-- WHAT THIS TASK INVOLVES --
The material below holds the lines to copy: from the one with "Hernández regresa al Albacete" up to and including the one with "Conjunto Buzo Niño". Copy them exactly and skip the pictures.

-- MATERIAL SHOWN --

=-=-=-=-=

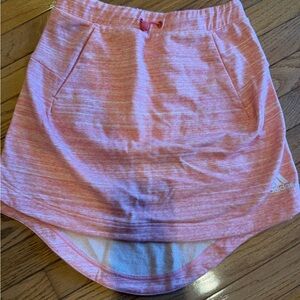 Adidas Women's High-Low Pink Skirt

=-=-=-=-=

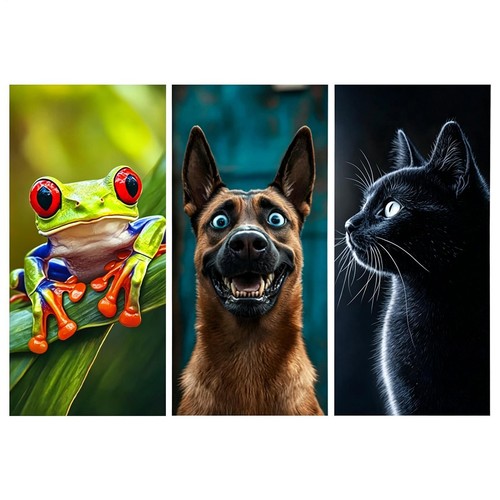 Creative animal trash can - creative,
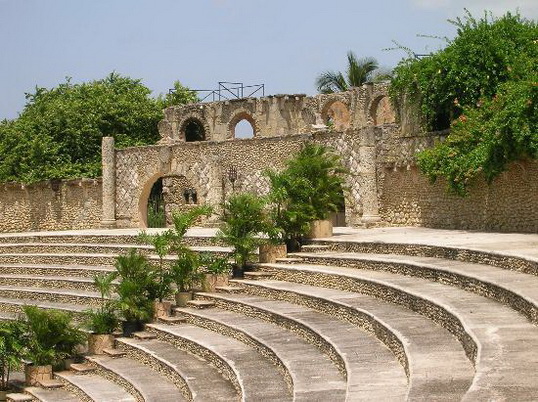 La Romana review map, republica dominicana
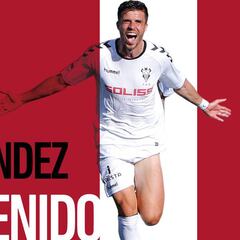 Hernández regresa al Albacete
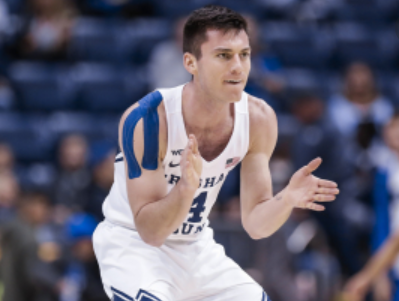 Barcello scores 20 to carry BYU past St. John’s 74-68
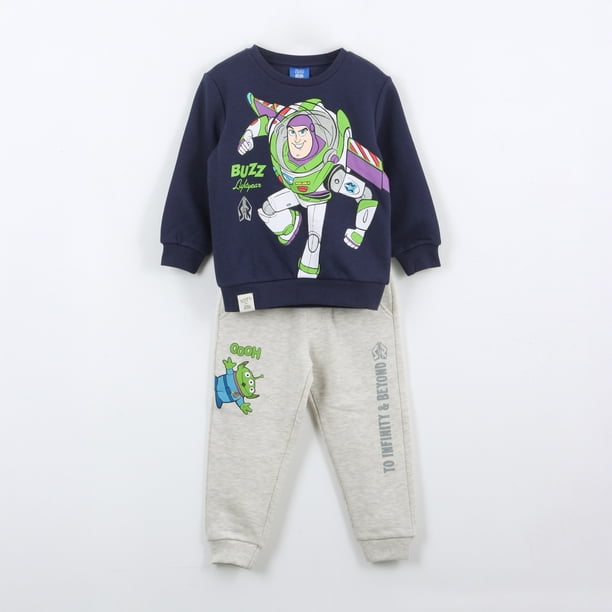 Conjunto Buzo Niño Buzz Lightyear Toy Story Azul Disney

=-=-=-=-=

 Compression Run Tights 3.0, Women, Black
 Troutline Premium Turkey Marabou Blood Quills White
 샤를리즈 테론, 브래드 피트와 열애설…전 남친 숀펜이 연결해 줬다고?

=-=-=-=-=

-- SOLVED EXERCISE --
 Hernández regresa al Albacete
 Barcello scores 20 to carry BYU past St. John’s 74-68
 Conjunto Buzo Niño Buzz Lightyear Toy Story Azul Disney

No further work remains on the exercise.